Gemini 3.7 Flash is the stronger model overall, scoring 59.8 to 45.8 on the Noometry Index.

### Which is cheaper, Gemini 3.7 Flash or GPT-5.3 Codex?

Gemini 3.7 Flash is cheaper. It lists at $0.75 per million input tokens and $3.75 per million output tokens; GPT-5.3 Codex lists at $1.75 and $14.

### Is Gemini 3.7 Flash or GPT-5.3 Codex better for coding?

Gemini 3.7 Flash scores higher on coding benchmarks: 56.2 versus 48.6 in the Noometry coding category.

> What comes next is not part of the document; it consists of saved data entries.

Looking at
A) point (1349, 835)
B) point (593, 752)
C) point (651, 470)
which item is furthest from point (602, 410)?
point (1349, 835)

### Which has the bigger context window?

Gemini 3.7 Flash does, with 1.05M tokens against 400K.

### How many benchmarks do Gemini 3.7 Flash and GPT-5.3 Codex share?

3 benchmarks have published results for both models. Gemini 3.7 Flash has 44 scored results on Noometry and GPT-5.3 Codex has 8.